Like most states, Florida sales and use tax applies primarily to sales of tangible personal property and certain services. Unique to Florida is the taxability of real property leases (i.e. office space and short and long term residential).
Registration for a sales and use tax account is done online via the Florida Department of Revenue’s web site. The registration form is quite lengthy and something important to note: At the end of the registration form the state requests the name of the person attesting to the accuracy of the information submitted on the application. This name must be one of the corporate officers listed within the application. A name other than a corporate officer listed within the application will result in the rejection of the application. The frustrating aspect of this is that the state does not notify you that the application has been rejected. You must proactively monitor your application online or by contacting the state to make sure the application has not been rejected for any reason.
Accounts are created for each business location and typically a separate sales and use tax return is required for each location. A consolidated return showing the amounts collected in each county may be filed by a dealer who operates two or more places of business and keeps records in a central office.
Estimated sales tax payments are required of some taxpayers in Florida.
Business owners who paid $200,000 or more state sales and use tax during the previous fiscal year (July 1- June 30) must file and pay estimated tax monthly. Using Form DR-15, you are required to make monthly estimated payments, January through December. Estimated tax is due in the current month for the following month.
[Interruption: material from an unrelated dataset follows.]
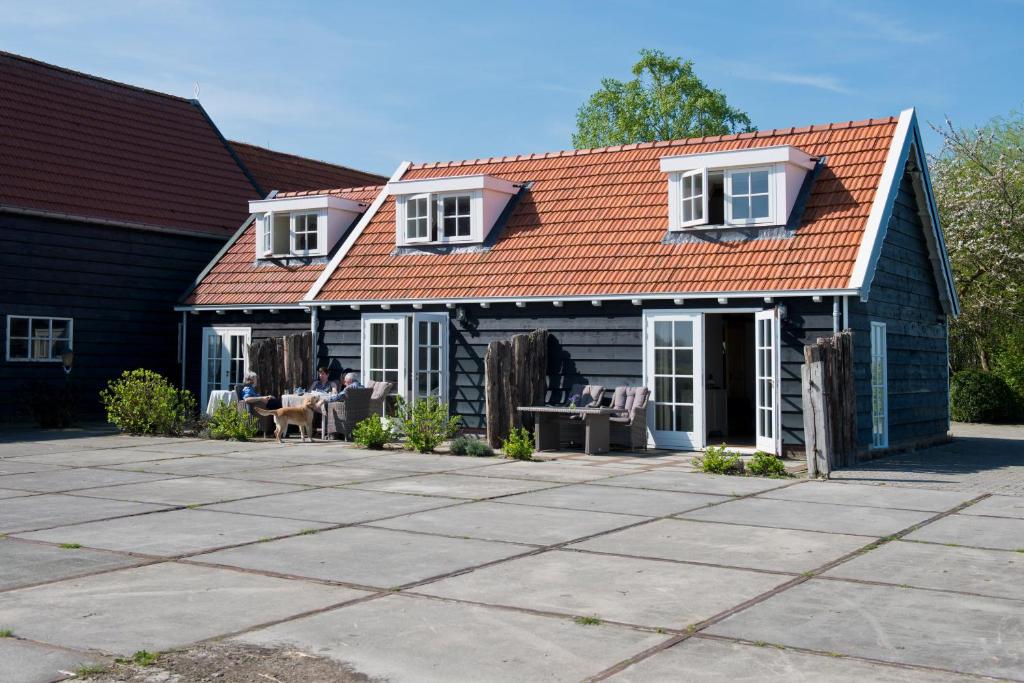 ミデルブルフにあるGastenverblijven boerderij Het Driespanのオレンジ色の屋根とパティオ付きの家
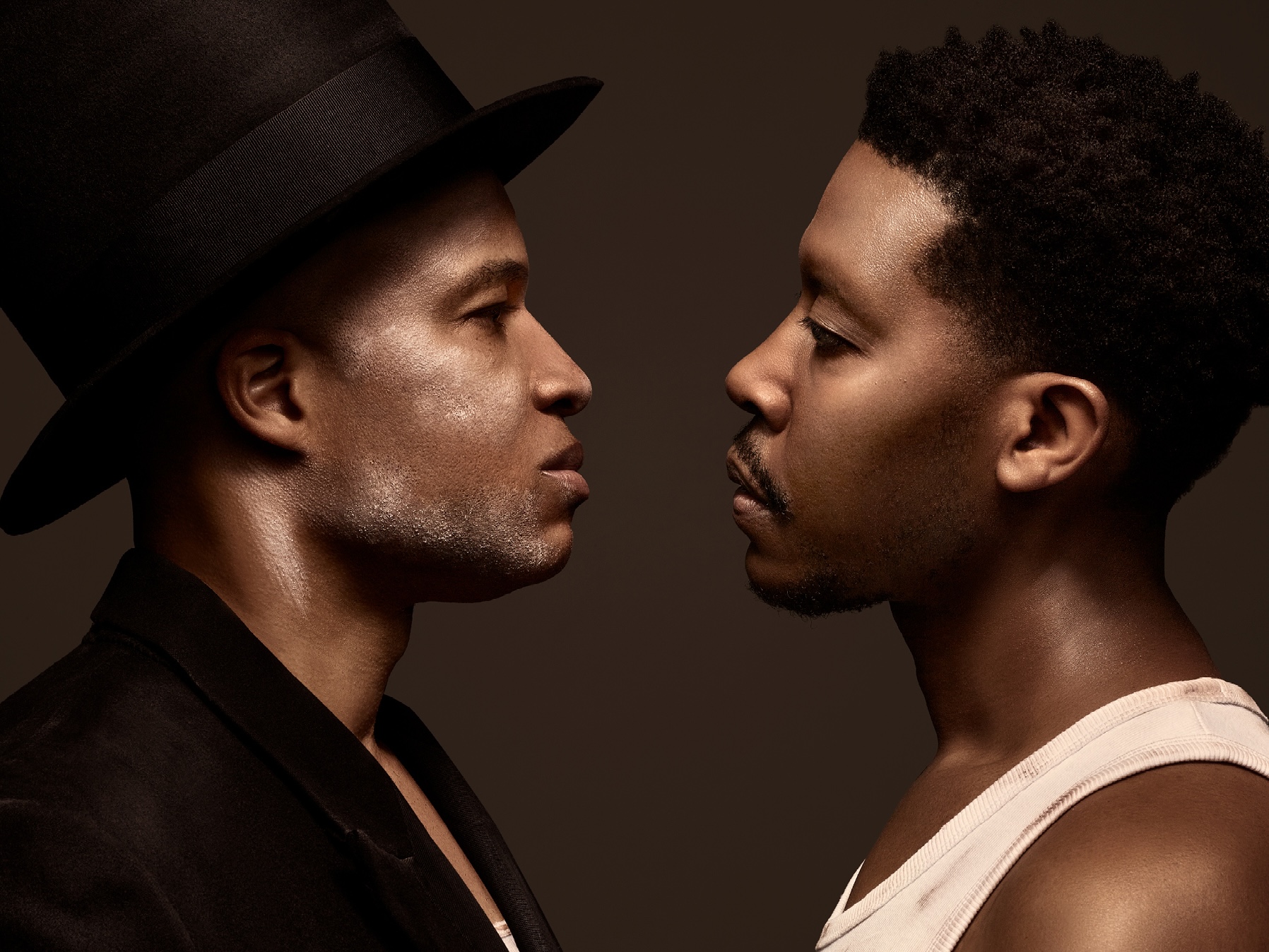 Two actors face one another with dark background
Newly obligated taxpayers must submit their first estimated payment on their December return (due in January).
Three methods may be used for computing estimated tax as follows:
- Average Tax Liability Method – 60% of monthly average sales tax liability for prior year.
- Current Month/Previous Year Tax Liability Method – 60% of your state sales use tax due for the same month of the previous calendar year.
- Current Month Method - 60% of the state sales tax due for the next month's DR-15 return.
When using Method 3, you are estimating your current month's tax liability. Your estimated tax liability on Line 9 of your December return is 60 percent (60%) of the state sales tax that you will report on your January return.
An estimated tax calculator is available online when filling out a Sales and Use Tax Return (DR-15). This calculator will help you determine estimated tax liability using each of the three methods and allow you to choose which method you prefer to use.
Note that if you are filing separate returns by location, the estimated payment requirement is determined based on the legal entity liability rather than each location. You must account for the total from all locations in calculating the estimated payment – then allocate the estimated payment to each location return.
If you underpay your estimated tax, you will owe a penalty of 10 percent of the underpaid amount. I guess the state figures that once you are remitting $200K per year in sales tax, you can afford to hire two accountants and three attorneys to figure out your estimated payment
Resale certificates expire annually. The certificates are preprinted and issued by the state. Recently, access to the preprinted resale certificate was made available by Florida to taxpayers online rather than relying on receipt of the certificate via the mail.